A Alumni Medicina tem por fins:

a) Promover o contacto social e as relações de solidariedade entre os seus associados;

b) Representar os antigos alunos de Medicina da Universidade do Minho;

c) Promover actividades de carácter cultural, científico e tecnológico;

d) Divulgar e promover os cursos e actividades da Escola de Medicina da Universidade do Minho;

e) Organizar, em estreita colaboração com a Escola de Medicina, actividades de recolha de fundos para financiamento de projectos de ensino e investigação.

 

Artigo 5º

Para a prossecução de tais objectivos a Alumni Medicina procurará:

a) Realizar, pelo menos, um encontro geral anual;

b) Promover iniciativas de carácter cultural, científico e tecnológico;

c) Manter uma relação actualizada de dados relativos aos sócios que facilitem a comunicação entre os seus associados em geral;

d) Empreender quaisquer outras actividades que levem à concretização dos fins citado no Artigo 4º.

 

Capítulo II

Dos associados

 

Artigo 6º

1. A Alumni Medicina terá as seguintes categorias de associados:

a) associados efectivos: todos os formados em Medicina (Licenciatura ou Mestrado Integrado) pela Universidade do Minho, bem como qualquer aluno que tenha frequentado por um período mínimo de 3 (três) anos a Escola de Medicina da Universidade do Minho, não estando presentemente inscrito em qualquer curso de graduação da referida Escola e que requeiram a sua inscrição;

b) os associados professores: todos os docentes e antigos docentes do Curso de Medicina da Universidade do Minho que requeiram a sua inscrição;

c) os associados honorários: qualquer pessoa singular ou colectiva que como tal seja considerada pela Assembleia Geral, nos termos do Artigo 11º.

 

Artigo 7º

1. São considerados associados fundadores, todos os associados efectivos ou associados professores inscritos até 8 de Outubro de 2007.

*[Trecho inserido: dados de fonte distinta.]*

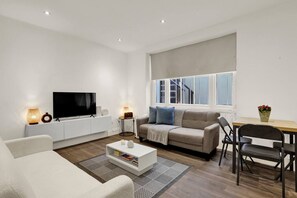 Ein modernes Wohnzimmer mit Flachbildfernseher, einer Couch, einem Couchtisch und einem Essbereich mit Tisch und Stühlen.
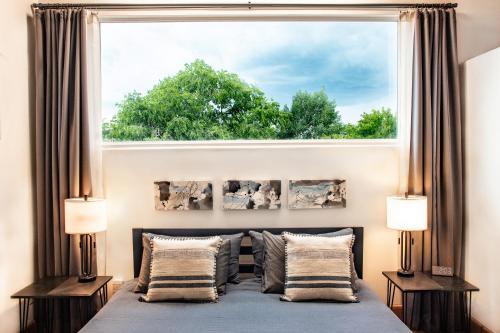a bedroom with a large window above a bed at Heart of Vibrant Railyard-Large Downtown Loft with Prime Location and Beautiful Deck in Santa Fe
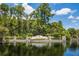 Waterchase community entrance with water feature and mature trees at 14634 Mirasol Manor Ct, Tampa, FL 33626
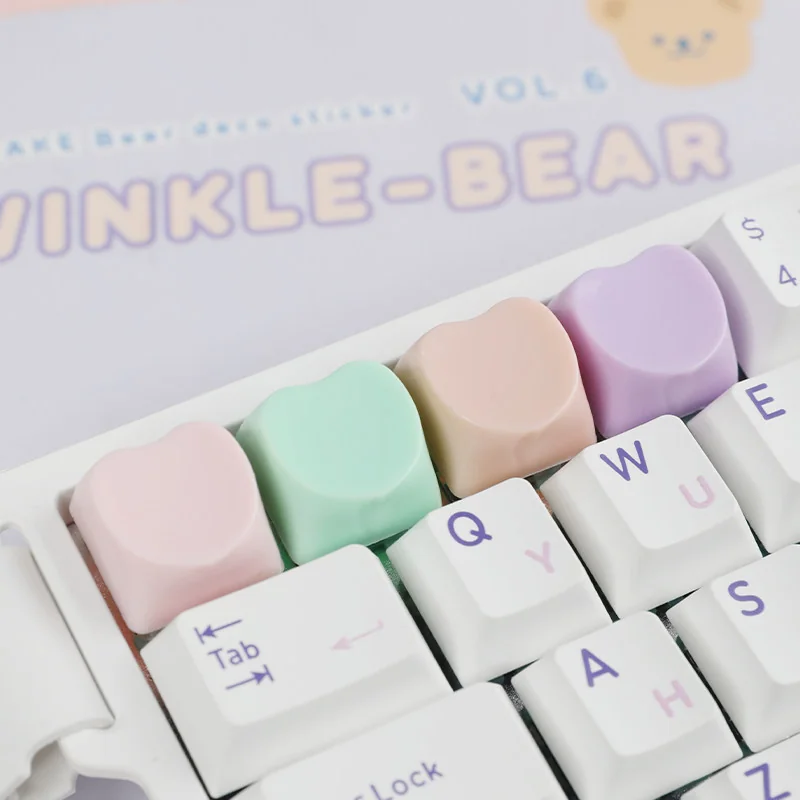 Close-up of a cute pastel hues heart keycap for the ESC key, showcasing its adorable design, adding a playful and personalized charm to your keyboard.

2. Tal título é vitalício e deverá constar do cartão de associado.

 

Artigo 8º

l. Os associados efectivos são todos aqueles que forem admitidos pela Direcção mediante pedido apresentado nas condições estabelecidas em regulamento aprovado em Assembleia Geral.

2. Em caso de indeferimento do pedido de admissão como associado, poderá o requerente recorrer da decisão para a Assembleia Geral.

 

Artigo 9º

l. São direitos de todos os associados:

a) Participar, tomar palavra e apresentar propostas nas Assembleias Gerais;

b) Usufruir de todos os bens e serviços proporcionados pela Alumni Medicina nas condições e mediante o pagamento das taxas aprovadas pela Direcção;

 

2. São direitos específicos dos associados efectivos:

a) Votar nas Assembleias Gerais;

b) Eleger e ser eleito para os órgãos sociais;

c) Consultar e examinar toda a documentação, livros de actas e livros de contas da associação.

 

Artigo 10º

l. São deveres dos associados efectivos e dos associados professores:

a) Pagar a jóia e a quota nos termos e quantitativos fixados em Assembleia Geral;

b) Contribuir para a prossecução do objectivos da associação e participar das suas actividades;

c) Acatar as disposições da lei, destes estatutos, bem como dos regulamentos e avisos feitos em conformidade com eles, sancionados pela Assembleia Geral ou pela Direcção.

 

2. É dever específico dos associados efectivos desempenhar com zelo e diligência os cargos para que tenham sido eleitos ou designados.

 

Artigo 11º

l. Os associados honorários serão admitidos em Assembleia Geral, por maioria simples, mediante proposta:

a) Do Presidente da Assembleia Geral;

b) Da Direcção;

c) De um décimo dos associados efectivos e associados professores;

 

Artigo 12º

1. Serão excluídos todos os Sócios que:

a) Não cumpram os deveres expressos nos presentes Estatutos;

b) Por actos, palavras ou escritos prejudicarem o bom nome da Associação;

c) Não procedam ao pagamento da jóia de inscrição e/ou da quotização anual.

 

2. A exclusão dos Sócios, embora da competência da Direcção, está sujeita a ratificação da Assembleia Geral, com a aprovação de, pelo menos, 2/3 dos associados efectivos presentes.

 

3. Os associados que desejem deixar de o ser deverão apresentar o pedido por escrito à Direcção, devolvendo na mesma altura o seu cartão de sócio.

 

Capítulo III

Assembleia Geral

 

Artigo 13º

A Assembleia Geral representa a universalidade dos associados no pleno gozo dos seus direitos sociais e as suas decisões são obrigatórias para todos.

 

Artigo 14º

1. A Assembleia Geral reúne de forma ordinária:

a) Na primeira quinzena de Janeiro para aprovação do Relatório de Actividades e Contas, com referência a 31 de Dezembro.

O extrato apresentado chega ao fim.